Number of conveyancing firms continues to fall amid consolidation

Sommerville: Larger firms cannot rest on their laurels

The number of law firms involved in conveyancing has dropped below 4,000 for the first time for many years, according to new research.

The quarterly tracker survey produced by property data company Search Acumen also found that the top 1,000 conveyancers now control more than three-quarters of the market – again for the first time.

Land Registry figures showed that the total number of active conveyancing firms stood at 3,961, a decrease of 369 firms (9%) from five years ago and around 800 fewer than in 2011, when the figures were first released.

The top 200 conveyancing firms took over 39% of the market, their biggest share yet, up from just under 32% in 2011.

However, the share of the market taken by the top five conveyancing firms has shrunk in the past five years, from over 8% to 5.5%.

Search Acumen said ‘occasional conveyancers’ had been hit the hardest as the number of firms processing between one and five transactions a month was 230 firms or 14% down on five years ago.

The number of firms handling fewer than 50 transactions was also down – by 10% on five years ago to another all-time low.

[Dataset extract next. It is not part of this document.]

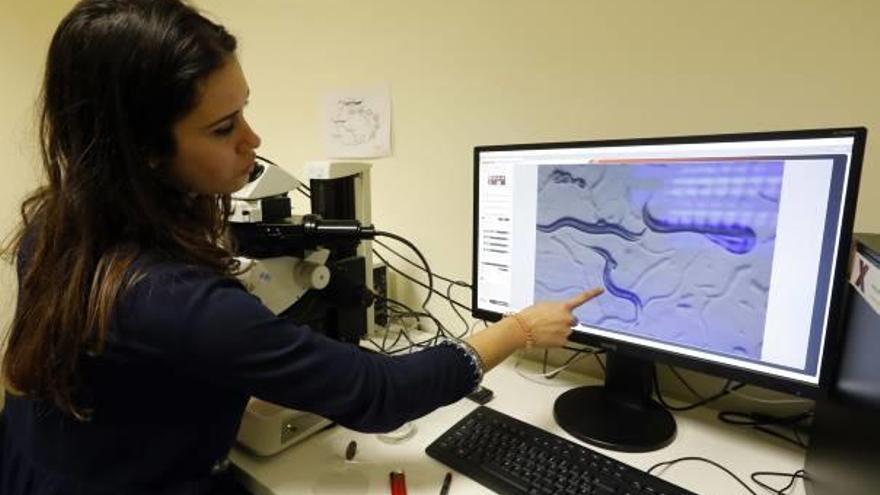 La investigadora Ana Pilar Gómez Escribano en el laboratorio del Instituto de La Fe.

The tracker found a 4% drop in total quarterly conveyancing volumes “as Brexit uncertainty dampened transactions”.

Conveyancers processed just under 256,000 cases in the first quarter of this year, compared to over 267,000 last quarter, but volumes were still 4% up on the first quarter of 2017.

Search Acumen said the average number of transactions handled by firms this year, at 65, was up 11% on five years ago, as “fewer active firms are left competing for business”.

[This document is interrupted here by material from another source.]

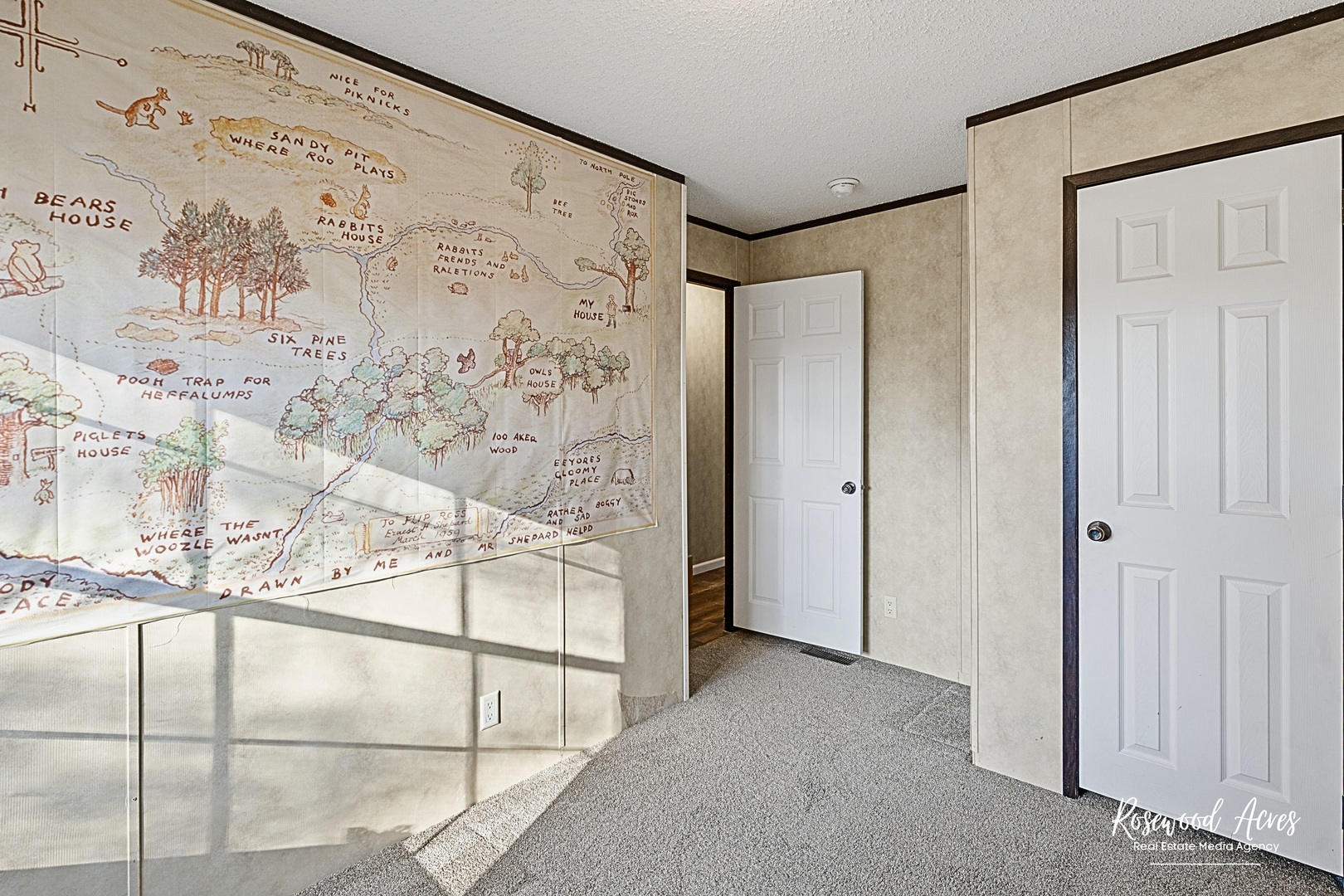 34 Vee Drive Manteno, IL 60950 - Photo 6 of 24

Andy Sommerville, director of Search Acumen, commented: “The consolidation of the market continues in conveyancing. However, while larger firms are processing a higher share of activity, it would be a mistake for them to rest on their laurels.

“As smaller firms that tend to operate on a more local scale are increasingly squeezed out of the market, we risk seeing a consequent fallout of their specialist knowledge.”

Mr Sommerville said technology, including efforts by the government to digitise property data, could play a “crucial role” in compensating for this.

“Our analysis shows that average number of cases conveyancing firms dealt with in Q1 2019 still remains relatively healthy even in the face of market headwinds. However, going forward we expect a prevailing sense of uncertainty until the ongoing political fog lifts across the UK.”